Alternative explanation: survivorship bias. You chose to only count people who learned to live with previous annoying checks and for whom this is only one nuisance in a long row. You ignore those who already left, you ignore those who might join but won't because of the problem. It's not meant to provoke. I know real flesh-and-bone people who do not want to have anything to do with openSUSE package maintenance because of the problem. I know real people who are happy to polish some package in their home project but have absolutely no intention to suffer the pain of getting it into Factory (some even prefer the pain of getting them into SLE without them being in Factory). And I can't blame them at all.
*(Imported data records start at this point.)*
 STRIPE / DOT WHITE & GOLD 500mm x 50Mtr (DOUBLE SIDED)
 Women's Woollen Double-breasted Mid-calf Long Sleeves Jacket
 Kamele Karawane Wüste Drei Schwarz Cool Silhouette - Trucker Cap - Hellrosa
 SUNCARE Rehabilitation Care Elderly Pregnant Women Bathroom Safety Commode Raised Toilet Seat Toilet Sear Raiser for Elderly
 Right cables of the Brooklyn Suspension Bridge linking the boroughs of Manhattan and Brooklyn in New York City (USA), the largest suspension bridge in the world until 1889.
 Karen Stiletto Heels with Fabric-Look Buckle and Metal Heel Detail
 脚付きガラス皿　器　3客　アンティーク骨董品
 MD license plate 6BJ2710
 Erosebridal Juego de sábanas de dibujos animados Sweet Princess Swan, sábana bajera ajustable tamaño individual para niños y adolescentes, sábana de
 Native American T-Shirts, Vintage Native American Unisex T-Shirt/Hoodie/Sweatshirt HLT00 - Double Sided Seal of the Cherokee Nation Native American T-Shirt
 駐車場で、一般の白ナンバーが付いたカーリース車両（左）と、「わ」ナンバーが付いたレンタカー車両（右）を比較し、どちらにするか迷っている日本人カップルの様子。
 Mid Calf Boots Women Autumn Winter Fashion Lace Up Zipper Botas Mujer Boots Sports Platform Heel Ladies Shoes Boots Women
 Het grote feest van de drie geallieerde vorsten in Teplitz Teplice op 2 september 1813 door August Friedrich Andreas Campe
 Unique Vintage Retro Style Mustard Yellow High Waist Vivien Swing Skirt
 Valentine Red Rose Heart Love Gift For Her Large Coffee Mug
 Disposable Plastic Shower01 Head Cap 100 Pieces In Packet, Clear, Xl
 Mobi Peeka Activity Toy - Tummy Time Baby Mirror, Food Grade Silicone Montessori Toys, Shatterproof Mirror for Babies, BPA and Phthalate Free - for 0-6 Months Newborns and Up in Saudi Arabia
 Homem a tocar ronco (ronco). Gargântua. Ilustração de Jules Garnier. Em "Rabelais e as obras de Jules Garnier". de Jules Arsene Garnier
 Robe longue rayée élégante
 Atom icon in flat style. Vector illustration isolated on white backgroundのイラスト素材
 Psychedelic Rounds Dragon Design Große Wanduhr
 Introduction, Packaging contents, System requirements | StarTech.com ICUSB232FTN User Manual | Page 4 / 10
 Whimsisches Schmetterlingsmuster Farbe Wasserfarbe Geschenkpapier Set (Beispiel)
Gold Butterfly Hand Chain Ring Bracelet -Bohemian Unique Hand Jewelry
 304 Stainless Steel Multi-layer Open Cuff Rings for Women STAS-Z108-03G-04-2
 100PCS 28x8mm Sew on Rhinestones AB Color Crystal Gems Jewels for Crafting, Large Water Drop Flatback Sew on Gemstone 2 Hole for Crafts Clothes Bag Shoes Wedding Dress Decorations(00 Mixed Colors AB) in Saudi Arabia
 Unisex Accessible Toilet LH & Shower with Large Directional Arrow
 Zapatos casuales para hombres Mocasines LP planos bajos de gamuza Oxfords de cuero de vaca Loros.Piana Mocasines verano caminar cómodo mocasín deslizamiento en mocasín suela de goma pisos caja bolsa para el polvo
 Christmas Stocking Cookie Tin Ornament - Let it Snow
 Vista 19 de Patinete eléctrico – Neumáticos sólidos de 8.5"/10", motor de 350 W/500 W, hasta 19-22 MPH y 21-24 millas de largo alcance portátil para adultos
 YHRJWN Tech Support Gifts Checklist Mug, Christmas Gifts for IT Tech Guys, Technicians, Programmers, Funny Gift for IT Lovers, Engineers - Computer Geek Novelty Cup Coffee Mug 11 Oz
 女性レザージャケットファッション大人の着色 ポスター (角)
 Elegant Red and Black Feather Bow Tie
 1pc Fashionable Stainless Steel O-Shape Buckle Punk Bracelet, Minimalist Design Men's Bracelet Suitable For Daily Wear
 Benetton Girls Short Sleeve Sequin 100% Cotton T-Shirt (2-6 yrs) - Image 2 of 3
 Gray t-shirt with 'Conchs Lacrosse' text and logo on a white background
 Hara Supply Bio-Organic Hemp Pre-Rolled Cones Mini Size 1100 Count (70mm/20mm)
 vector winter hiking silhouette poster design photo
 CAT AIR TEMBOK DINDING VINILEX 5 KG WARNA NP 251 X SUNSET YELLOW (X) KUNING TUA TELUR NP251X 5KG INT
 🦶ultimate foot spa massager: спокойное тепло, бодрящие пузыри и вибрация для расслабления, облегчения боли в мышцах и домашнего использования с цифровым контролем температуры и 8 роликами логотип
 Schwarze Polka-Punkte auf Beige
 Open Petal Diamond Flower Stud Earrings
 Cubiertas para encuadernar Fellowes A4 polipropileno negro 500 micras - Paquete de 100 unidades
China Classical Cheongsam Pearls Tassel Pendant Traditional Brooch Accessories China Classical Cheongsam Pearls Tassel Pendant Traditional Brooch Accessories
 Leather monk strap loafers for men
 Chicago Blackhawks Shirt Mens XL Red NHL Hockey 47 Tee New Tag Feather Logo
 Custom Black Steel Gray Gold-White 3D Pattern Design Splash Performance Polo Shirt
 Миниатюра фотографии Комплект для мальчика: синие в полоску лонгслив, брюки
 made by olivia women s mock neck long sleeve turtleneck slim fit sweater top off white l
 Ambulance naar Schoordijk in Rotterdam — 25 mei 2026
Quite the opposite, my decision to do otherwise with those few packages I care for for various reasons is being challenged way too often.
The _only_ packages which were not modified before the strict checks went live all are firmly maintained by people using @suse.* addresses, who are meant to be doing package maintainer as their everyday job.
The _only_ negative feedback I got complaining about the changes or checks at all, were from people with @suse.* addresses, who are meant to be doing package maintainer as their everyday job.
It's hard to believe, given how few SUSE R&D employees have packaging as their everyday job. (20? Probably not even that.) It seems more likely that you don't realize what people in R&D are actually doing for their job. I, for one, spend perhaps 2-3 per cent of my work time by packaging. (Funny enough, it could be even less if it wasn't for the continuous tightening of the screws and new annoying checks.) Across the kernel teams, I'm pretty sure I'm still safely above average with that. Yes, even most SUSE employees have to do actual packaging only now and then (if at all) and even then, it mostly consists of adding a bug fix or rebasing to a new upstream version which are rather routing tasks. Or rather this is what it would look like if it wasn't for the problem we are discussing.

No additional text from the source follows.